I was attending a meeting of the Inter-American Press Association in Puebla, about two hours east of Mexico City. It’s not often that a single evening can change one’s appreciation of an entire country, and that is not exactly what happened. But gringos clamoring for a wall from the Pacific to the Gulf of Mexico should experience what I did that night.

I’ve been to Mexico a number of times, including more than a few trips as a teenager. It seems unthinkable now, but in those days, kids in Southern California routinely went to Mexico with nothing more than a notarized note from a parent.

The results were predictable. The one time in my life I got thrown out of a bar was in San Felipe in Baja California when I was about 16. (How was I supposed to know that guy was the girl’s father?) Other trips involved encounters with the Border Patrol, calls to parents and dark talk of Mexican prisons. None of these episodes were criminal, just stupid, but they left me with a jaundiced view of Mexico.

Puebla was something else. The old colonial city is pretty, with ancient ruins, great food and friendly people.

The meeting itself was also a reminder that we weren’t in Kansas anymore. We heard from Cuban blogger Yoani Sanchez, and were picketed by Castro supporters – a tribe unknown in this country. Demonstrators decrying recent Mexican education reforms sang their complaint to the tune of “Frère Jacques” – and jarringly included a coarse phrase ending with “tu madre.”

The high point was a banquet put on by our host, Mexican businessman and newspaper owner Armando Prida Huerta.

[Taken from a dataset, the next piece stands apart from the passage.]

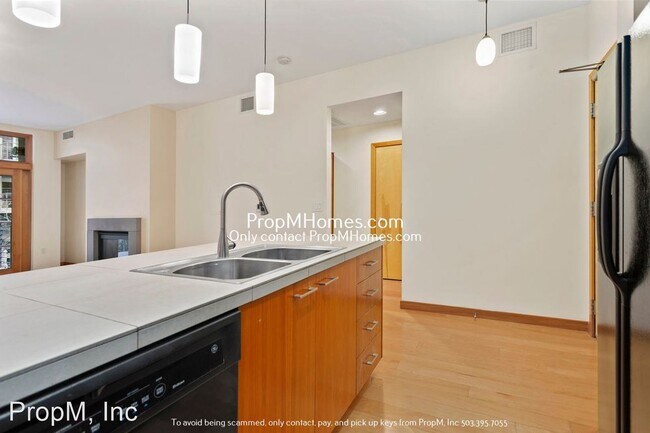 Foto del edificio - 1 br, 1 bath House - 1130 NW 12th Avenue U...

It was held in the grassy courtyard of La Constancia, an “industrial heritage site” built in 1835 as a textile factory. The evening included a seven-course meal, a dance troupe, excellent music (think mariachis as interpreted by contemporary urban hipsters) and a fireworks display.

But anybody can put on a great banquet. All that takes is money.

Where Prida’s taste and judgment came through was in the musical program that preceded the banquet. That was something to remember, and to celebrate. It was beautiful and thought provoking.

The performance consisted of an orchestra and choir, made up of musicians aged 4 to 21 with, I think, most of them early to middle teens. They played and sang “Russian Easter,” “Carresse sur L’Ocean” from the film “Les Choristes,” “The Conquest of Paradise” from the film “1492” and “Toreador” from the opera “Carmen.” And they were great!

Esperanza Azteca Orchestra targets children from low-income families. No previous musical experience is required. Once accepted, kids are provided with a musical instrument and enrolled in group classes. In Puebla, they go to La Constancia from 4 to 8 p.m. every weekday for practice – 20 hours per week – on top of school and chores.

A product of good fortune, good will and good intentions, Esperanza Azteca Orchestra sprang from something its conductor, a prominent violinist from Puebla named Julio Saldaña, began with a small group of children. A series of fortuitous meetings connected Saldaña to Benjamin Sander, then conductor of the Boston Symphony, a woman named Lenis Mastretta, now president of the orchestra, and Ricardo Salinas Pliego, the owner of Televisión Azteca, one of Mexico’s two television networks. Mastretta told Salinas about a similar music program in Venezuela and, she says, he responded by saying, “Let’s do it! ... But all over Mexico.”

With help from state funding, and people like Prida and Salinas, there are now 53 such orchestras across Mexico and one in El Salvador. The goal is to enroll 500,000 kids in 10 years.

The young musicians now wear their orchestra uniforms on weekends – out of pride. They have become the people other kids want to emulate.

It was impossible to enjoy all this and not be touched. But two thoughts kept interrupting: drug wars and immigration.

Seen through the lens of U.S. media, all that happens in Mexico is horrific violence. What’s worse, I think, is that reflects not just “if it bleeds, it leads,” but simple negligence. As a nation, we don’t pay attention to Latin America. And that is not just irresponsible, it’s foolish.

More immediately, though, I kept wondering which of these kids we need to keep out of our country – the girls with the angelic voices, the beautiful young cellists, the frenetic first violinist with the mop of black hair?

In fact, we would be lucky to have any of them. But because we ignore most of this hemisphere, we’re missing half the truth. These kids may be from poor families in an often troubled country, but their aspiration is not to clean our pools, and they are not going to pick our tomatoes. They’re aiming higher, perhaps higher than we are.

It might behoove us to notice that, as well.